The core of HiRace’s detection logic is embedded in the shadow state update algorithm (Algorithm 1) built around the state machine described in Section III. As previously described, our FSM contains 25 states and 1200 transitions. It requires only 5 bits of memory to record the FSM state per monitored memory address, which is combined with other metadata (as described in Fig. 3) resulting in 8 bytes of

memory per address by default (though this is configurable and can be reduced).

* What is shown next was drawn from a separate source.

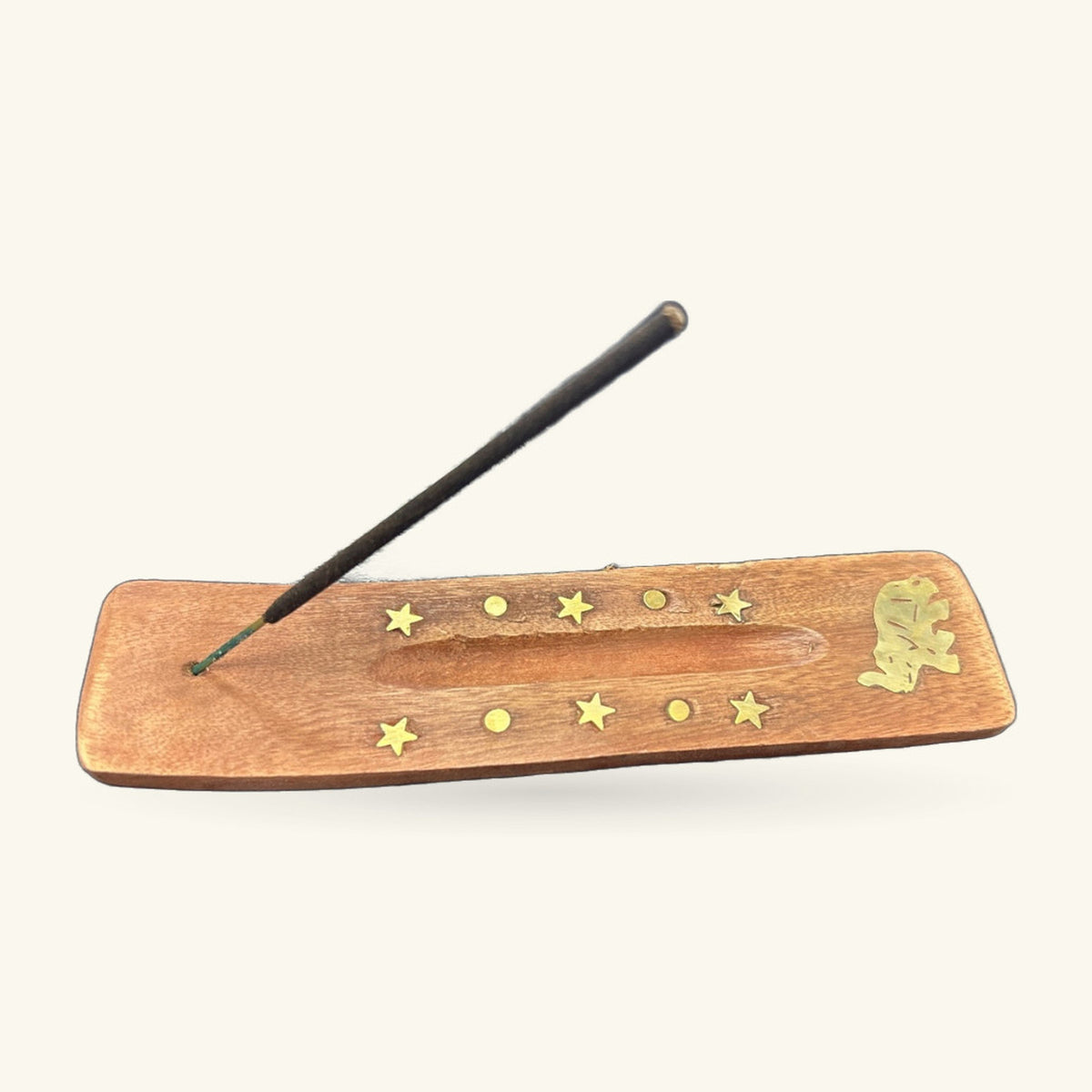 Wooden incense holder with brass stars and circles, black incense stick resting in groove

In contrast, the state of the art uses 16 bytes per monitored address to track 2 prior accessors with no ability to reason about any earlier accesses in general.

When a thread accesses a monitored memory address through the HiRace wrapper, it calls Algorithm 1. This causes the thread to (atomically) check the metadata for the memory location it is accessing, compare it against its own current metadata, and use the result to update the state to a new shadow value (again atomically).

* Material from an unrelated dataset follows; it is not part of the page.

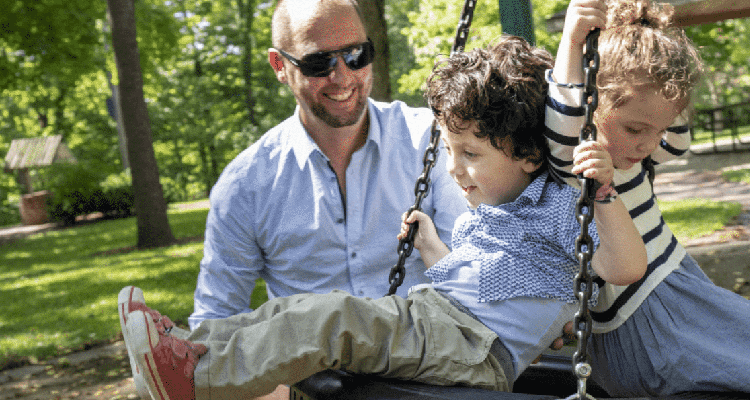 Father pushing two young children on a tire swing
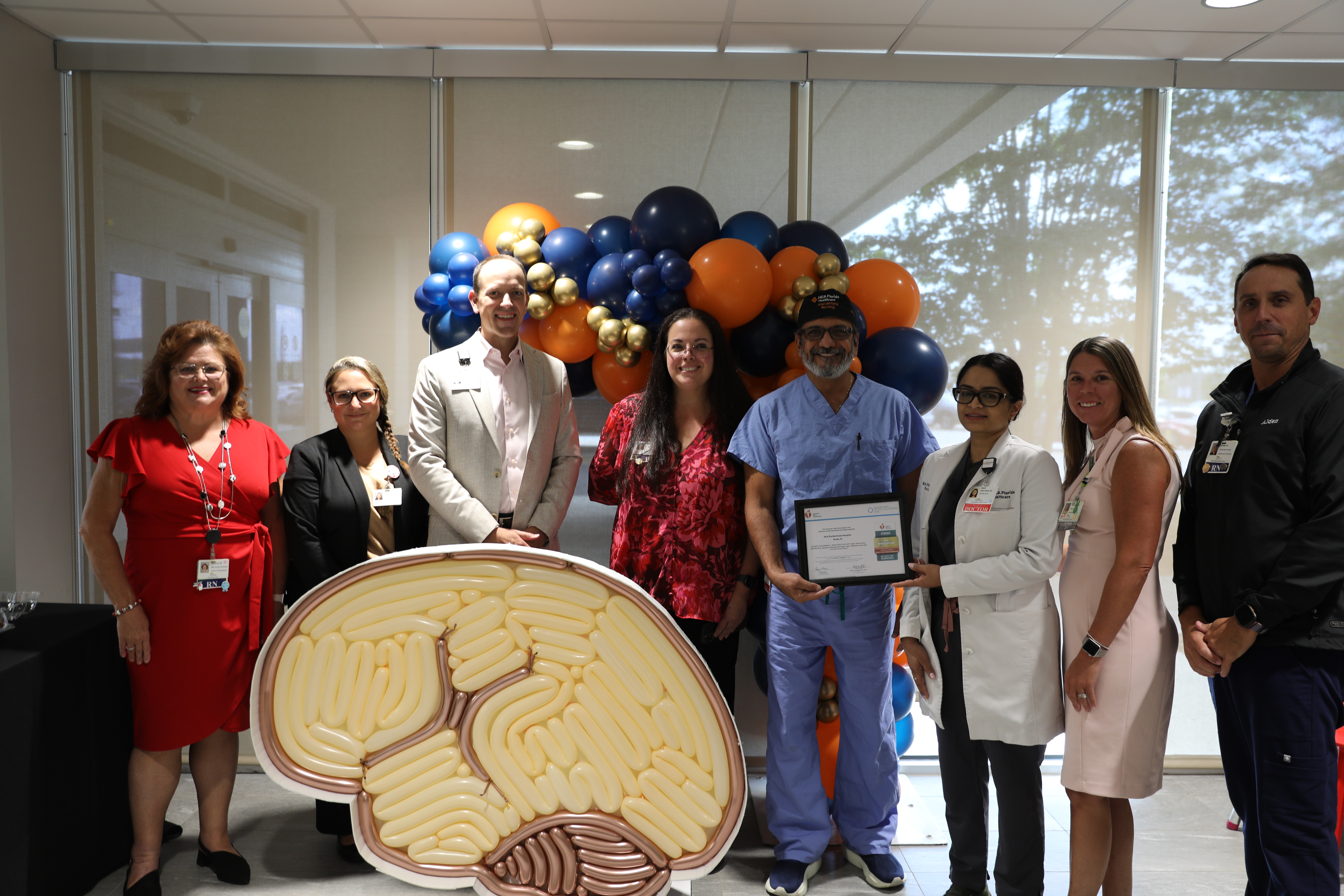 HCA Florida team members at award celebration in hospital.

In more detail, the first step is entering the lock-free loop in Line 7 of Algorithm 1. Any accessing threads may concurrently compare the old shadow value ( $oShadow$ ) to their own metadata, but a thread may only store its new shadow value ( $nShadow$ ) if it verifies, via the `atomicCAS`, that  $oShadow$  has not changed. If any other thread updates the shadow value in the meantime, the current thread detects the change, starts over, and re-calculates  $nShadow$  relative to the newly read  $oShadow$ . All shadow-value accesses in shared memory are atomic and guaranteed to match FSM transitions. Since most of the race-detection logic is contained within the FSM, the amount of computation in the `atomicCAS` loop is minimal. Each shadow value is a bit array as outlined in Fig. 3. *UnpackShadow* splits the shadow value into individual “old” metadata values from the prior access. *CompareTids* and *CheckSync* compare both old and new metadata values to determine the Thread Relation and Sync Status labels as described in Fig. 4.

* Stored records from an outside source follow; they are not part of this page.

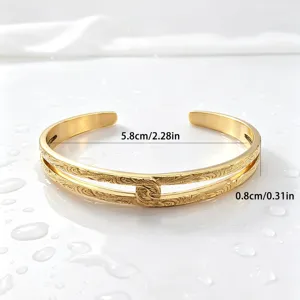 Detailed view of the gold-plated stainless steel Hawaiian vine cuff bracelet close-up.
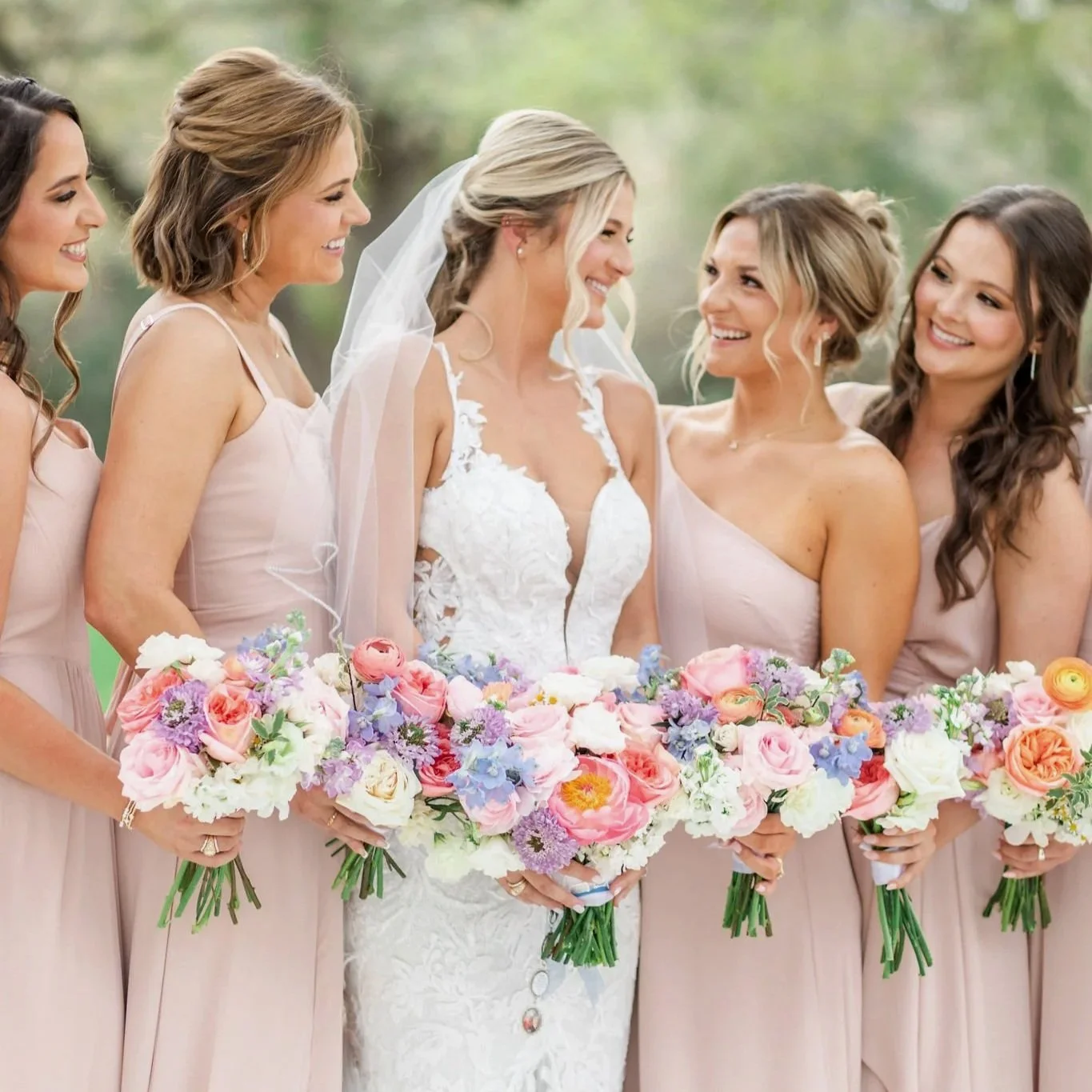 A bride in a white lace wedding dress and veil standing with five bridesmaids in blush pink dresses, all holding colorful bouquets of flowers, outdoors on a bright day.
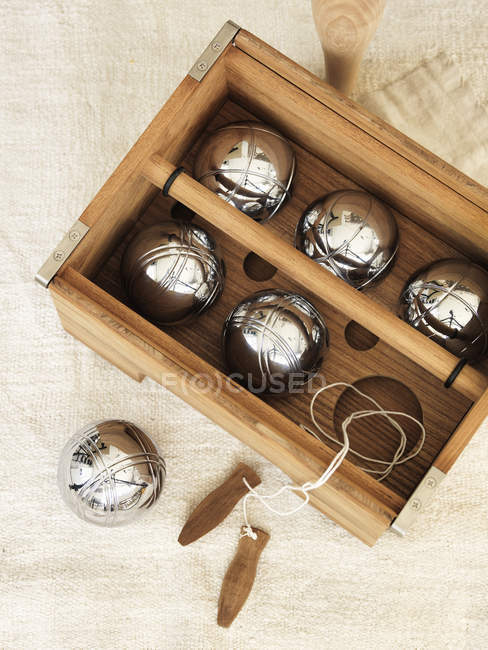 Elevated view of petanque set in wooden container — Stock Photo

The HiRace FSM is encoded as a flat array indexed by a concatenation of  $oState$  and the transition labels  $m_{\{s,t\}}$  shown in Fig. 4, which map to a new state. *GetTrans* creates an integer index into the state-machine array using bit operations to combine  $oState$  with the current Memory Action (*access*), Thread Relation, and Sync Status. Afterwards, *StateMachineLookup* is just an array access to index *trans*.

Finally, the newly calculated state is concatenated with the current metadata, and the thread attempts to store the result.

### C. Source Instrumentation

To facilitate instrumentation with our wrappers, we provide a standalone Clang tool for AST parsing and rewriting. The Clang LibTooling C++ interface facilitates parsing source code into AST as well as walking and rewriting the AST and/or source code through a robust API.

As HiRace is a header library designed to wrap around existing data structures and override relevant CUDA language primitives, it can be utilized through manual instrumentation fairly easily. However, the HiRace Clang tool automates this instrumentation. The Clang AST allows us to mechanically identify and wrap monitored data pointers and to allocate and deallocate necessary metadata.

## V. EVALUATION

Our experimental platform is as follows: (1) CPU: AMD Ryzen 5 3600; (2) GPU: NVIDIA Geforce RTX 2070 Super; (3) OS: Ubuntu 22.04; and (4) CUDA version: 11.7.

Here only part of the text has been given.